(Records from a data source)
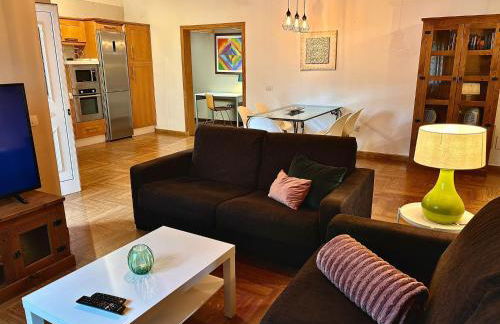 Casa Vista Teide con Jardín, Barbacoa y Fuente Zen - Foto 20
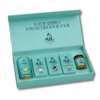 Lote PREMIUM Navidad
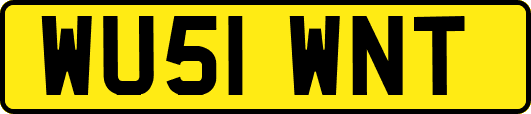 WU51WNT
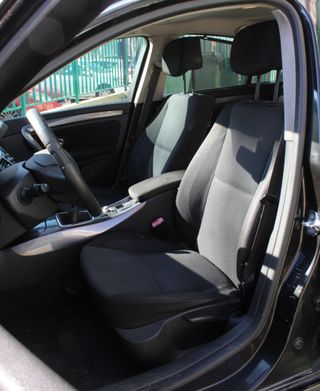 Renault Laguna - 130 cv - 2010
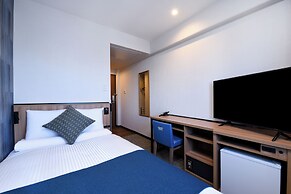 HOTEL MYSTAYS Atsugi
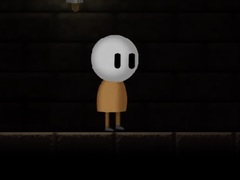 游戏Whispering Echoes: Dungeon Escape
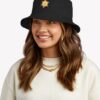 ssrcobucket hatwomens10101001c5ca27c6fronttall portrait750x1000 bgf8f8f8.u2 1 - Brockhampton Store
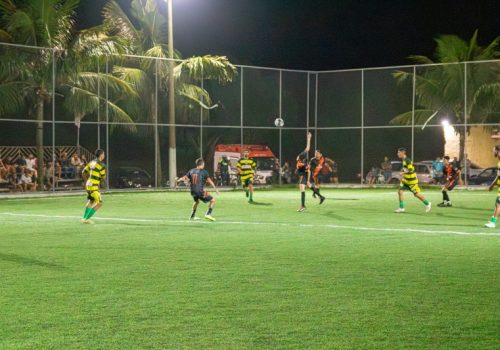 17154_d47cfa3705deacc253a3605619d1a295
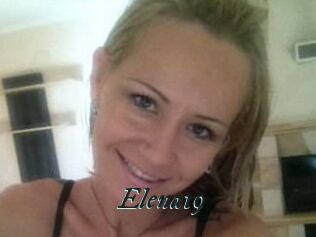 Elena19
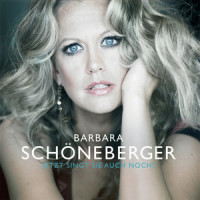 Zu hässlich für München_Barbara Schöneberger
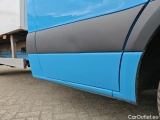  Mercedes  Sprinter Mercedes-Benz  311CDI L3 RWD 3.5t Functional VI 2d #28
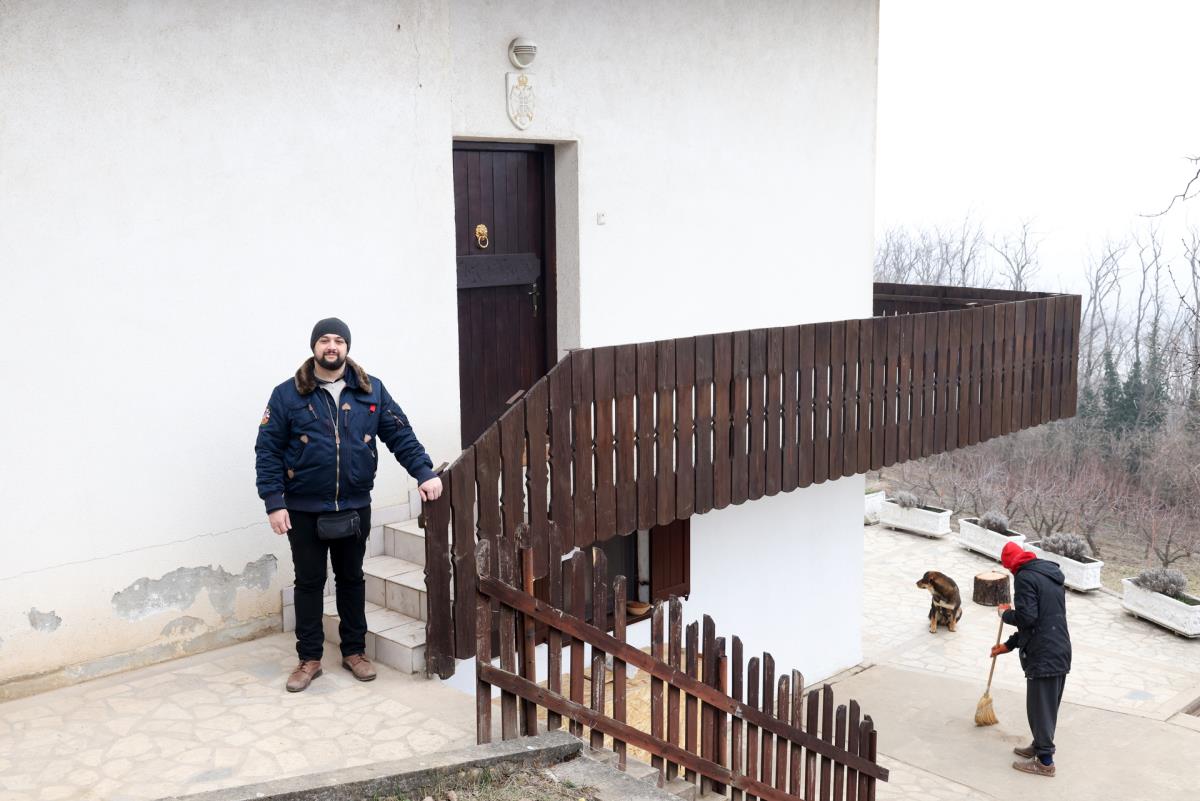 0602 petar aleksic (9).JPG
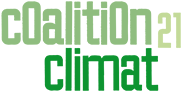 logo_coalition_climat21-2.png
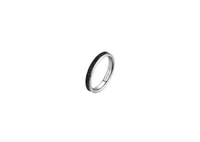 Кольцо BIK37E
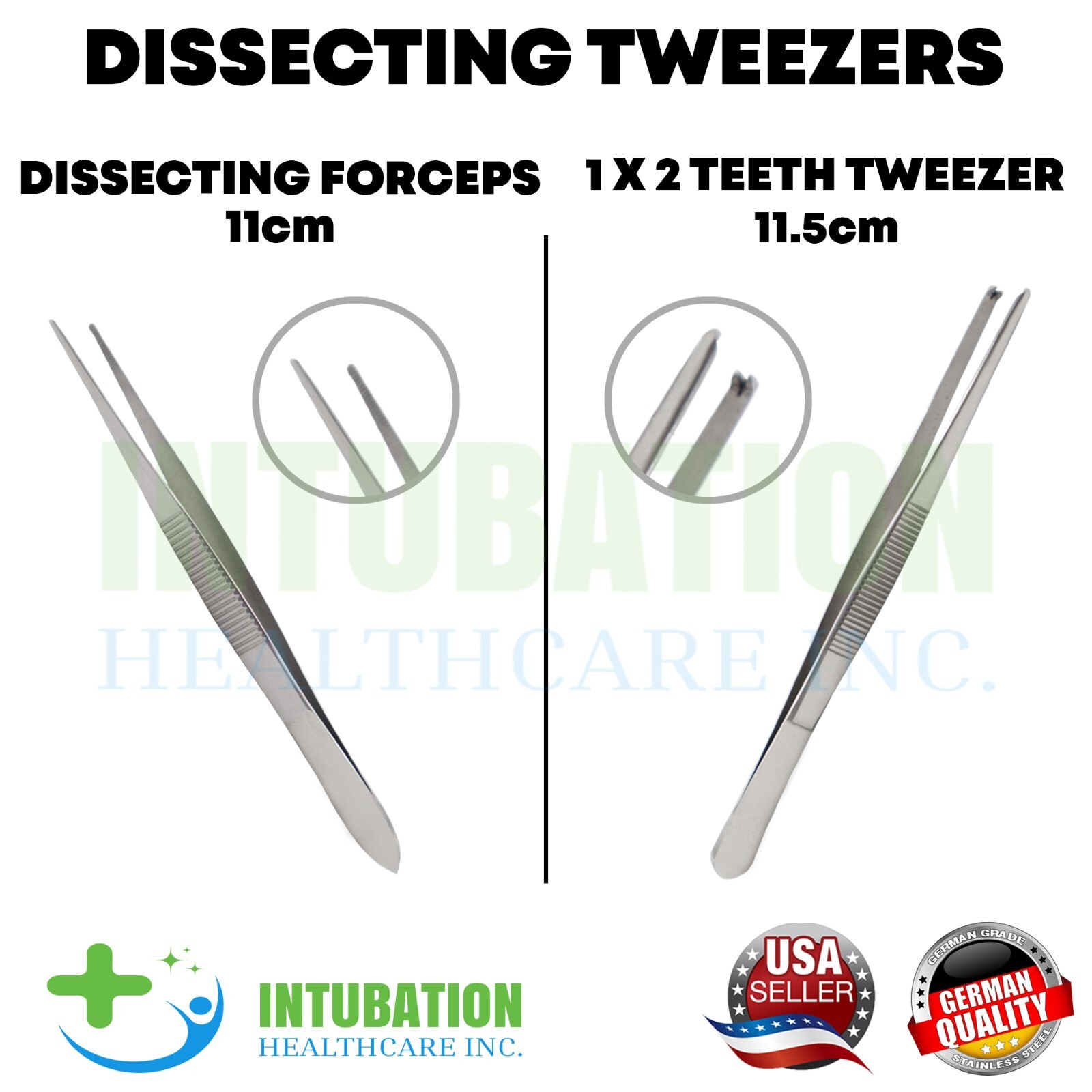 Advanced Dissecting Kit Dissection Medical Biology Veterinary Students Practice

> **Task description**
Since the pictures are not part of the copy, please transcribe only the lines above from the one with "Renault Laguna - 130 cv - 2010" through the one with "Кольцо BIK37E", exactly and with both ends.

> **Solution for this exercise**
 Renault Laguna - 130 cv - 2010
 HOTEL MYSTAYS Atsugi
 游戏Whispering Echoes: Dungeon Escape
 ssrcobucket hatwomens10101001c5ca27c6fronttall portrait750x1000 bgf8f8f8.u2 1 - Brockhampton Store
 17154_d47cfa3705deacc253a3605619d1a295
 Elena19
 Zu hässlich für München_Barbara Schöneberger
  Mercedes  Sprinter Mercedes-Benz  311CDI L3 RWD 3.5t Functional VI 2d #28
 0602 petar aleksic (9).JPG
 logo_coalition_climat21-2.png
 Кольцо BIK37E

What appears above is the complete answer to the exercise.